Two forces P and Q whose resultant is 10Newtons are at right angles to each other. If P makes 30 degrees with the resultant, determine the magnitude of Q in Newton.

Q=10sin30=5

To solve this problem, we can use vector addition and trigonometric functions. Here's how:

1. Draw a diagram: Draw the two forces, P and Q, at right angles to each other, and label the resultant as R.

2. Find the magnitude of P: Since the resultant is 10 Newtons, and P makes an angle of 30 degrees with the resultant, we can use trigonometry to find the magnitude of P. The magnitude of P can be found using the formula: P = R * cos(theta), where theta is the angle between P and R.

P = 10 Newtons * cos(30 degrees)
P = 10 Newtons * (√3/2)
P ≈ 8.66 Newtons

3. Find the magnitude of Q: To find the magnitude of Q, we can use the Pythagorean theorem because P and Q form a right triangle with the resultant R as the hypotenuse.

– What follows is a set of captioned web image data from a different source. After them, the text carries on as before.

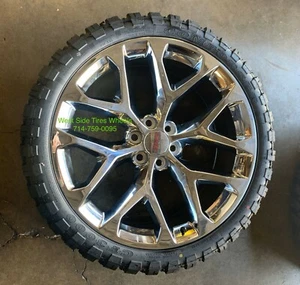 22” GMC SIERRA CHROME SNOWFLAKE WHEELS CHEVY SILVERADO 33” MT TIRES RIMS CK156 - Picture 1 of 4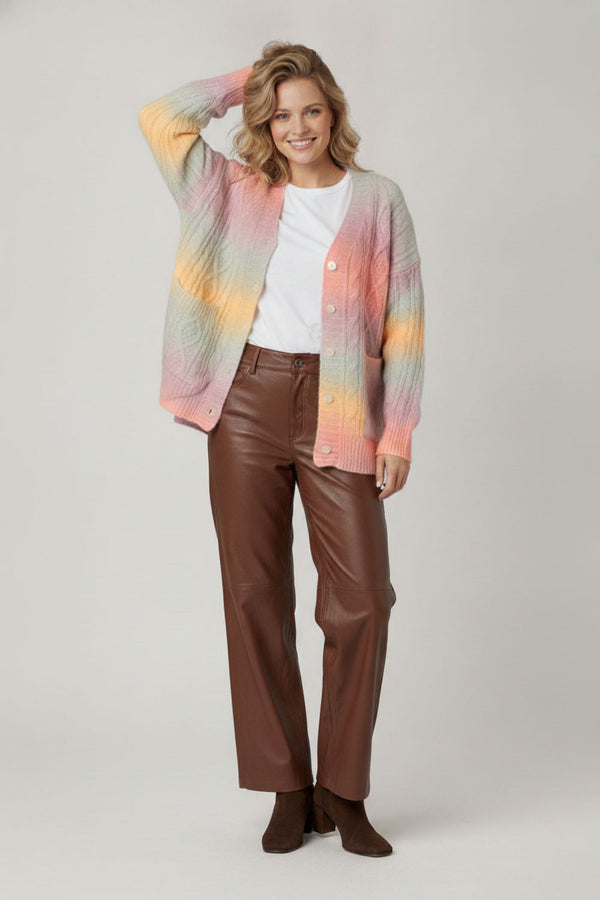 Rainbow Print Relaxed Cardigan| MULTI PINK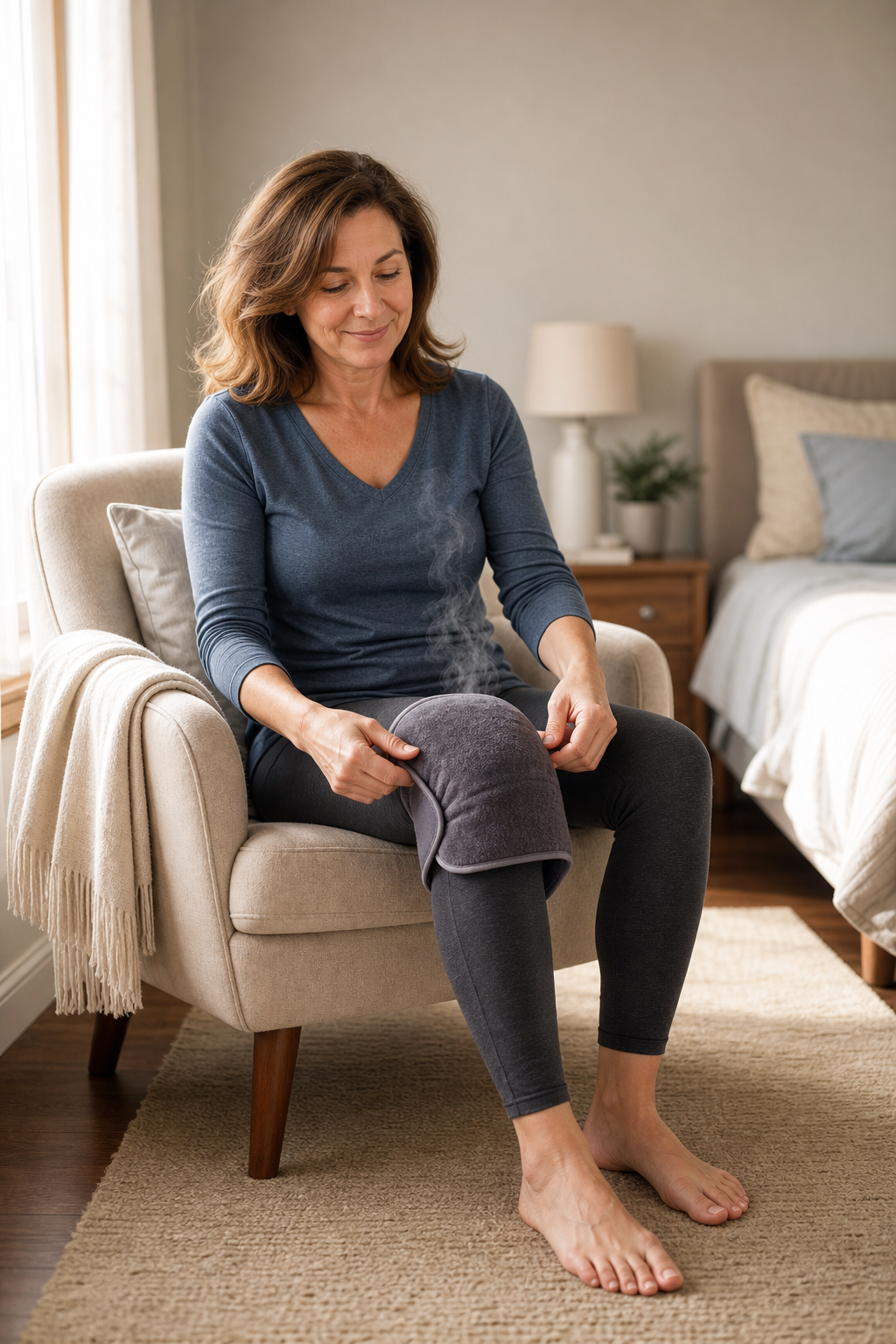 Hands applying heating pad to knee for morning joint pain relief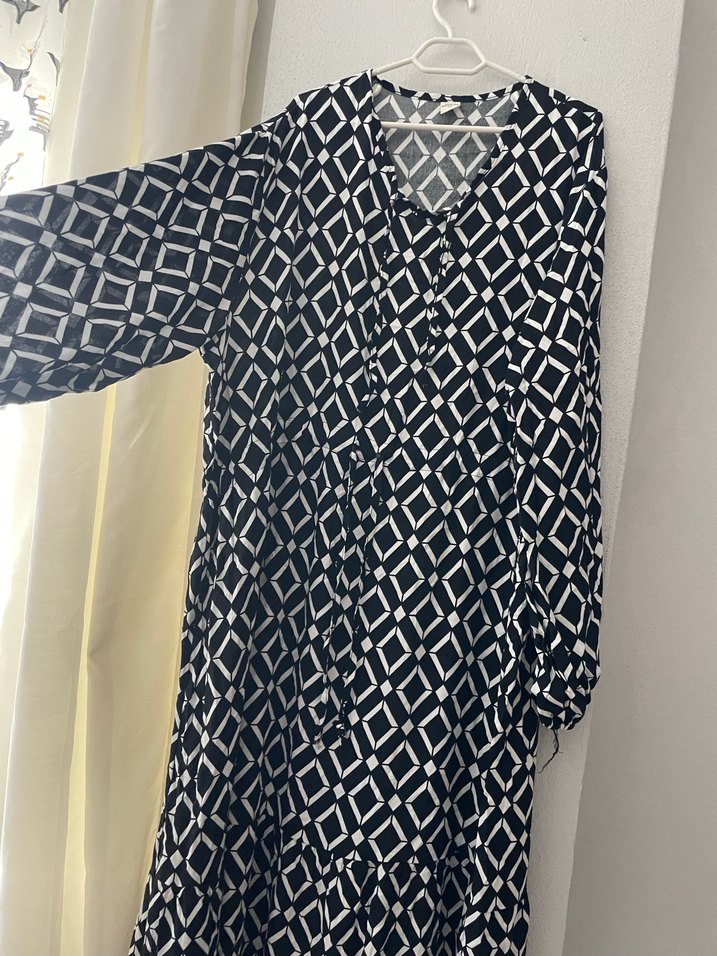 Uzun Siyah Bohem Kadın Elbise - Görsel 2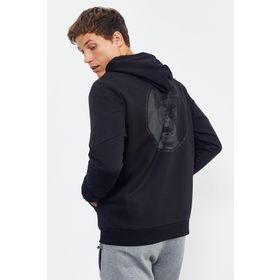 Tommy Life 88008 Siyah Kuru Kafa Sırt Baskılı Kapüşonlu Rahat Form Erkek Sweatshirt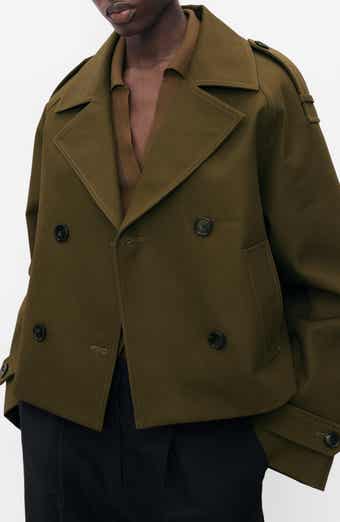 MANGO Oversize Crop Cotton Trench Coat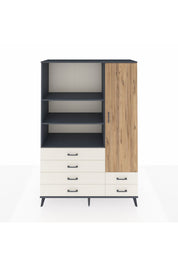 Hyperion Dolap 7 Raflı 6 Çekmeceli Tek Kapaklı  132x44x195 Antrasit-Çam/Aytaşı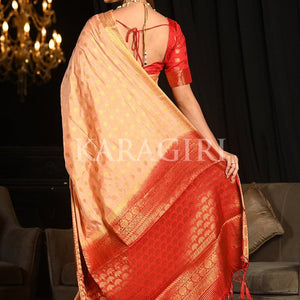 Granite Rose Peach Kanjivaram Saree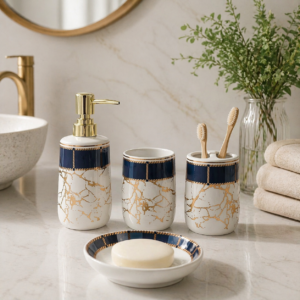 Italian Marble Design Bathroom Accessories Set Ceramic - 4 Pieces Bathroom Accessories Set Soap Dispenser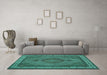 Machine Washable Medallion Turquoise Traditional Area Rugs in a Living Room,, wshtr16turq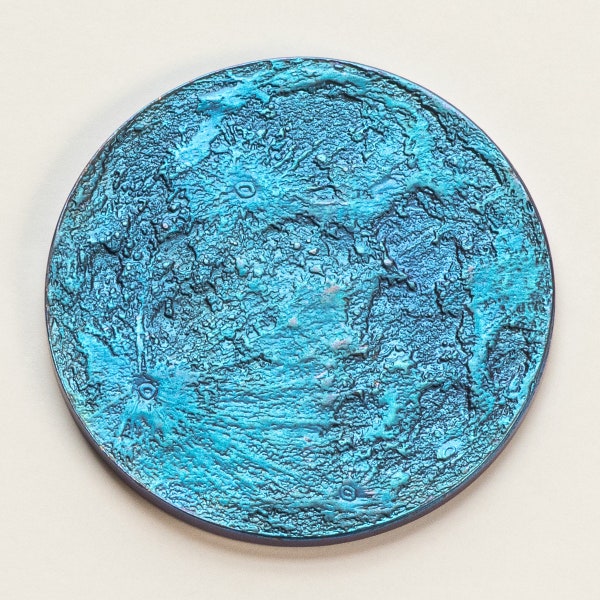 Blue Moon Coin - 1" Anodized Blue Niobium - the perfect realistic celestial lunar gift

The Pythagorean theorem states that the square of the hypotenuse (R) is equal to the sum of the squares of the other two sides (P and Q).

R^2 = P^2 + Q^2
Q^2 = R^2 - P^2

Since we know R = 10 Newtons and P ≈ 8.66 Newtons, we can substitute these values into the equation to solve for Q.

Q^2 = (10 Newtons)^2 - (8.66 Newtons)^2
Q^2 = 100 Newtons^2 - 75.03 Newtons^2
Q^2 ≈ 24.97 Newtons^2

Taking the square root of both sides gives us the magnitude of Q:

Q ≈ √24.97 Newtons
Q ≈ 4.997 Newtons

Therefore, the magnitude of Q is approximately 4.997 Newtons.